(Information begins)

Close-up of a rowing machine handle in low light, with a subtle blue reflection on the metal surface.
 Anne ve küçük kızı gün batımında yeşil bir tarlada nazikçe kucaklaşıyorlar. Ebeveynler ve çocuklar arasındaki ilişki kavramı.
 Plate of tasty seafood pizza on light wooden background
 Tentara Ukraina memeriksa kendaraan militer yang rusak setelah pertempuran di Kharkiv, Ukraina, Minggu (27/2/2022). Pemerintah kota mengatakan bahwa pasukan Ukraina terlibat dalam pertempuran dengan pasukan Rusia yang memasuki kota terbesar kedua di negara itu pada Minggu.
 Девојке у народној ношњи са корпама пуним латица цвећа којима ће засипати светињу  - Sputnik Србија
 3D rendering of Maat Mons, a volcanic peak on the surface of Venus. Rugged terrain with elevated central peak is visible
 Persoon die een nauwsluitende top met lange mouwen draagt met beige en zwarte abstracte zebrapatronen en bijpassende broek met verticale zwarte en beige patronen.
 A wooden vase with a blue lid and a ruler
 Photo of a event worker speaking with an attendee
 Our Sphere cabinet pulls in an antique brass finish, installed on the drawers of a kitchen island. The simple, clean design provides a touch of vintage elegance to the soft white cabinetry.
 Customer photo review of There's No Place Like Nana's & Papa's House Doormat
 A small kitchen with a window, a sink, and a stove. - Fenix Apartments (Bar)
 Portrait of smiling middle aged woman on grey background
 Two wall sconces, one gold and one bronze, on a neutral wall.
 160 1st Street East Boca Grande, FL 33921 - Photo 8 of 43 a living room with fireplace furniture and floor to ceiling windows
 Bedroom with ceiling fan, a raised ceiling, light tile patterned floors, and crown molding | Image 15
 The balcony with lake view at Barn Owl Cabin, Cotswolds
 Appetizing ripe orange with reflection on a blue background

(Information ends)

## Aim of the exercise
Find the line that contains "Bedroom with ceiling". Copy it and every line after it to the end of the records, exactly, and nothing more.

## Output
 Bedroom with ceiling fan, a raised ceiling, light tile patterned floors, and crown molding | Image 15
 The balcony with lake view at Barn Owl Cabin, Cotswolds
 Appetizing ripe orange with reflection on a blue background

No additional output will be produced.